O Modernismo teria perdido sua força quando totalmente incorporado pela ideologia oficial, tornando-se uma versão reacionária e tradicionalista, nos moldes das intervenções imperialistas no mundo da cultura. Ao assumir um caráter cada vez mais elitista, a arte e a alta cultura teriam sido esvaziadas de sensibilidade e empobrecidas de experimentações. Os movimentos de contracultura da década de 1960, a popularização da televisão, o comércio de produtos culturais na mídia e as tendências de flexibilização de produção, produtos e mercados seriam alguns dos fatores responsáveis por uma nova tendência nos sistemas de referência em diversos campos da cultura: o pós-Modernismo.

O pós-Modernismo, para o autor, é a parte de uma transformação cultural que acompanha a luta do capitalismo para se recompor. Não se mostra como uma mudança global de paradigmas nas ordens cultural, econômica ou política, que corresponda a uma “nova sociedade” “pós-industrial”, como muitos querem supor. O pós-Modernismo surge como uma nova versão do Modernismo, colocando-se, porém, de forma a “flexibilizar” a produção cultural num ecletismo de mercado “vale-tudo”, marcado pelo laissez faire. Integra-se, por fim, à política neoconservadora.

Nesse trabalho, Harvey demonstra que a negação dos grandes sistemas de representações como, por exemplo, o marxismo, tem levado muitos autores a análises insuficientes de fragmentos da realidade.
Assim como as novas formas de produção e acumulação capitalista, os projetos do pós-Modernismo são marcados pelo domínio das imagens.
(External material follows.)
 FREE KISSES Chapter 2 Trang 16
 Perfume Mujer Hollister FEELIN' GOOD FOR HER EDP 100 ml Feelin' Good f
Harvey fala em “logo de espelhos para uma economia de espelhos”, pelo apelo do carisma na política, pela retórica em substituição à semântica e pela estética em substituição à ética. Até a pobreza é “estetizada”, saindo do campo de visão social.

A negação da história, a constatação de que o mundo é constituído de modo efêmero, descontínuo, fragmentado e caótico tem reforçado unicamente as perspectivas de mudanças localizadas, e nunca na crítica ao capitalismo como sistema de exploração do trabalho. Harvey critica tais tendências, que são embasadas numa filosofia pragmática da ação, e aponta para o fato de que nem os partidos comunistas têm escapado dessa lógica.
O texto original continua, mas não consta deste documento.